In order to understand the circumstances which, in the first place, originated the principle of parallelism as a principle in the practice of research, and which afterwards led to a rational formulation of this principle, it is necessary to take into consideration the following.

A.  From the very beginning, a linguistic discourse appears to any investigator as a series of interconnected propositions which, in their turn, are composed of words. Like words in a sentence, sentences in a discourse are interconnected in a definite manner, and should these interconnections be changed for example by transposing words in a sentence or sentences in a discourse then "the sense" of sentences and discourses will be either altered or will disappear completely.

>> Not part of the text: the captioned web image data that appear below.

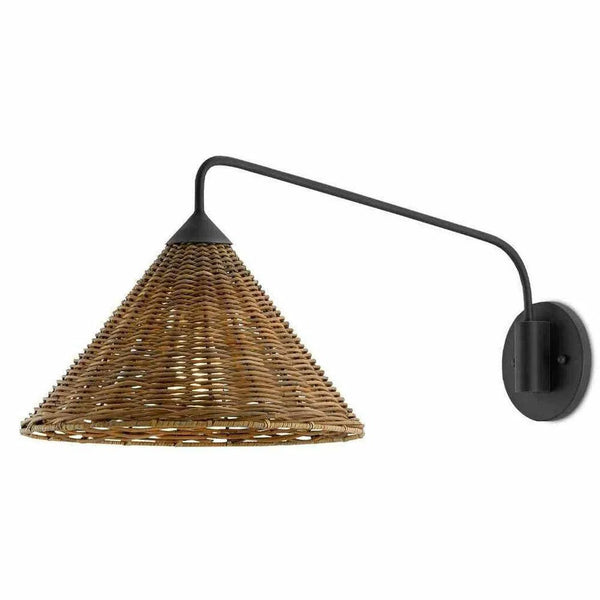 Blacksmith Natural Basket Swing Arm Sconce Wall Sconces LOOMLAN By Currey & Co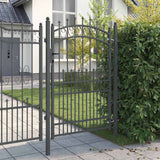 Vidaxl hekdeur met spijkers grijs 200 x 100 cm poedergecoat staal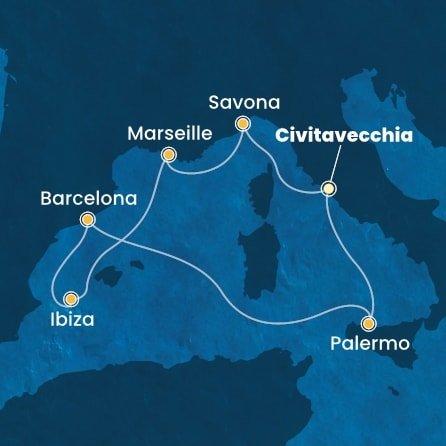 Itálie, Francie, Španělsko z Civitavecchia na lodi Costa Smeralda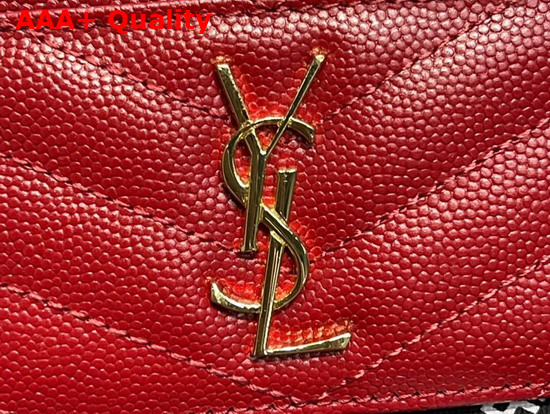 Saint Laurent Monogram Card Case in Red Grain de Poudre Embossed Leather Replica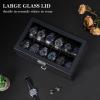 imageBEWISHOME HighEnd Watch Case 12Slot Watch Box with Valet Drawer 2Layer Wooden Watch Display Case for Jewelry Watch Organizer Watch Storage Holder for Men Women Brown SSH02YBlack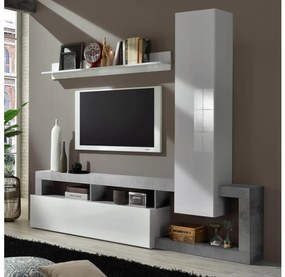 Compoziție living LENOR alb/gri, aspect beton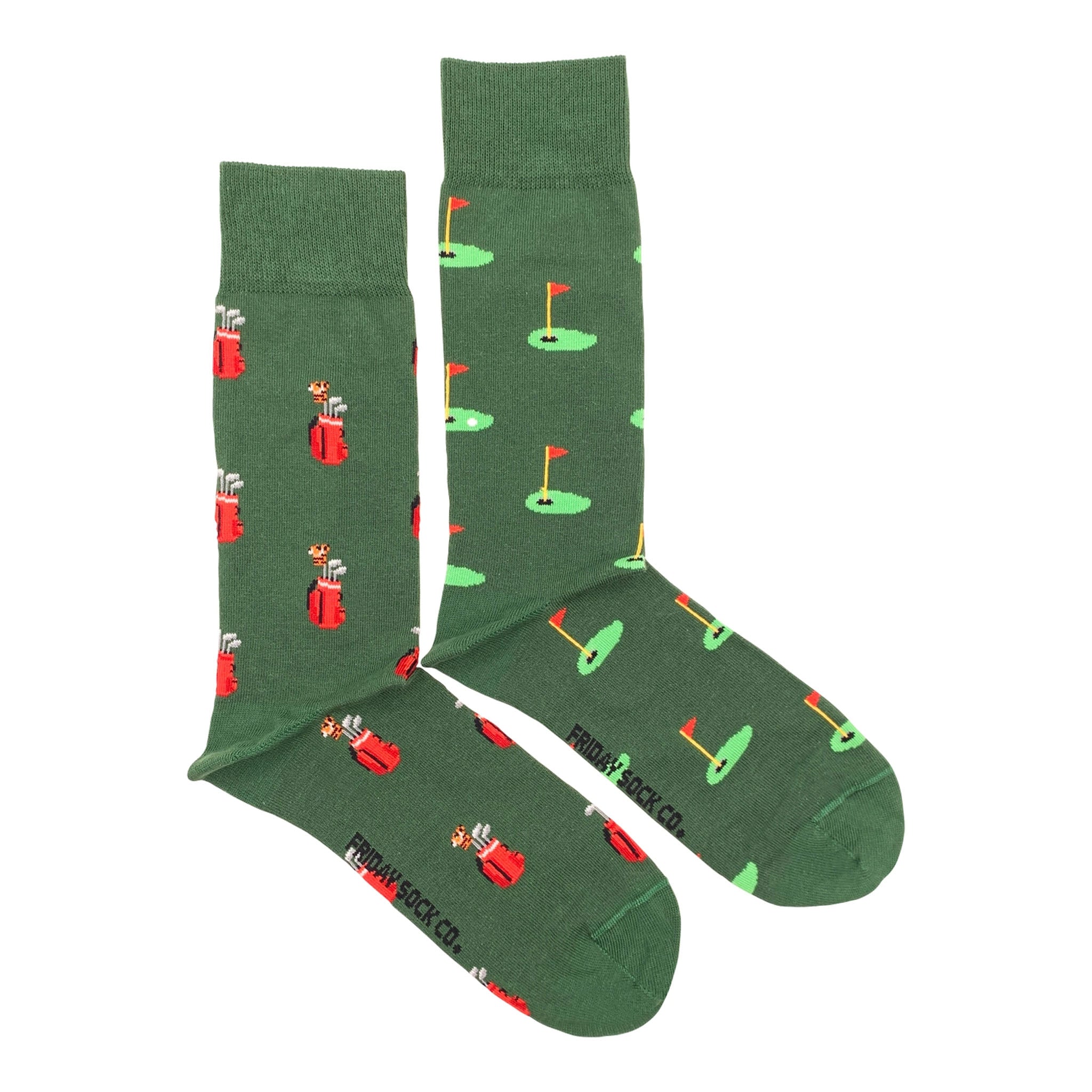 Mismatched Men's Socks in Golf Clubs + Greens Print on a white background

Consequently, it follows that "the sense" of propositions and discourses is, in some measure, conveyed by the connections between elements of linguistic expressions (propositions and discourses) and, should we wish to investigate the nature of this "sense"  (i.e.   the  nature  of  the  meaning and  content  of  linguistic expressions), then we must study these connections and their nature.

B.   On the other hand, it is no less obvious that any separate word in these propositions, as well as separate propositions within discourses, have their own definite "sense", irrespective of their position within a proposition or, correspondingly, within a discourse ; and, also, are inde­pendent of the connections between words and propositions. Thus, it follows that "the sense" of propositions and discourses must in some way be composed out of "the sense" of the separate elements of the proposi­tions and the discourses, and, if we wish to investigate the nature of this "sense" i.e. the nature of the meaning and content of linguistic expressions we must investigate the nature of these elementary "senses".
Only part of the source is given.